• _Work instructions_:
Reproduce exactly the lines of the material beneath, from the line that contains "说去闺蜜家的老婆定位却在酒店" to the line that contains "決賽單挑語音？爆哥：李宰赫是鬼吧，怎麼那麼快... (二創剪輯) |", both included, and no other lines.

• _Input records_:
◆ ◆ ◆ ◆ ◆ ◆ ◆

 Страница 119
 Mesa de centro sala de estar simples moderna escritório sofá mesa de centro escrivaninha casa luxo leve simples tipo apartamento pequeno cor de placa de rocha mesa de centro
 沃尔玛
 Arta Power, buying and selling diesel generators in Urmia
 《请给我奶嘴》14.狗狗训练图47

◆ ◆ ◆ ◆ ◆ ◆ ◆

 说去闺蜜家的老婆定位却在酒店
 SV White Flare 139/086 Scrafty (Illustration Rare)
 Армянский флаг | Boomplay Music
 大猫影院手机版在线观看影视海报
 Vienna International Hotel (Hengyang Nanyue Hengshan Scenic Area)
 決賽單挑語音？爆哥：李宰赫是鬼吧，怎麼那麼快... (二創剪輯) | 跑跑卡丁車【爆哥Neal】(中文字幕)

◆ ◆ ◆ ◆ ◆ ◆ ◆

• _Exercise solution_:
 说去闺蜜家的老婆定位却在酒店
 SV White Flare 139/086 Scrafty (Illustration Rare)
 Армянский флаг | Boomplay Music
 大猫影院手机版在线观看影视海报
 Vienna International Hotel (Hengyang Nanyue Hengshan Scenic Area)
 決賽單挑語音？爆哥：李宰赫是鬼吧，怎麼那麼快... (二創剪輯) | 跑跑卡丁車【爆哥Neal】(中文字幕)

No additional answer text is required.